Andrea Loefke normally works alone.
A German-born installation artist currently residing in Brooklyn, NY, she is best known for her elaborately constructed other-worldly environments.
The installations she creates take days, sometimes weeks, to construct and are populated with layers and layers of handmade objects that she has knit, glued, constructed, selected, painted and sewed herself.
Andrea was invited to build one of these alternate universes here at A&D last year, but with a catch. She was to inhabit it with... clowns.
It was A&D professor Rebekah Modrak's idea. She had been following Andrea's work over the years and was intrigued by the detail and complexity of the worlds she was creating, as if waiting to be inhabited and made alive. So she invited Andrea to come to the school to collaborate with students.
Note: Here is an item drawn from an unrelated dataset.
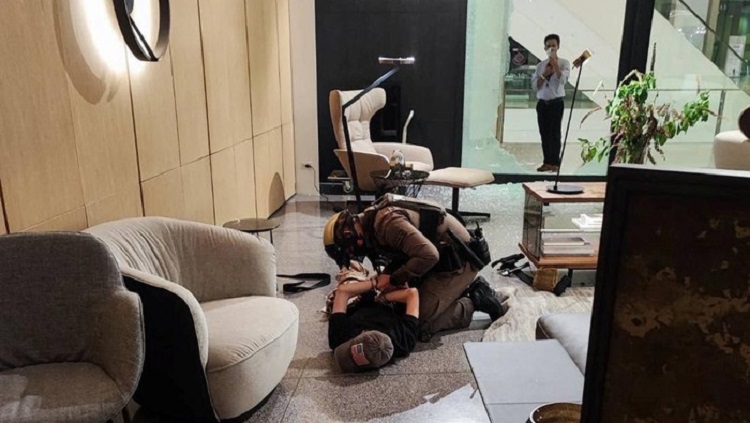 Penangkapan Pelaku Penembakan di Mal Bangkok.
Students in her costume class, Dressing Up & Down would make the costumes for drama students in Malcolm Tulip's clown class in physical theatre.
Andrea agreed to come but was adamant: no silly, funny clowns.
Loefke sent over sketches of her conceptual ideas for the set and the costumes. Rebekah's class took measurements of the clowns and made costumes based on the sketches.
Andrea spent a full week in Slusser Lounge building "the environment". Then, on one afternoon, all parties got together for the videotaping with creative arts producer Kath Weider-Roos and Tom Bray. Malcolm Tulip directed the "clowns" as they improvised their own role in a mysterious three-tiered green world.
The instructions from Andrea were this: Three layers of worlds/experiences exist horizontally, above each other and in different shades of green. Each tier has different capacities to communicate, control, suppress, discover and connect and in encountering each other, battles of hierarchy, turmoil and surrender occur.
From the footage, a 'documentary' of sorts was created, called "Ausflug ins Grüne" (Outing to Greenwood).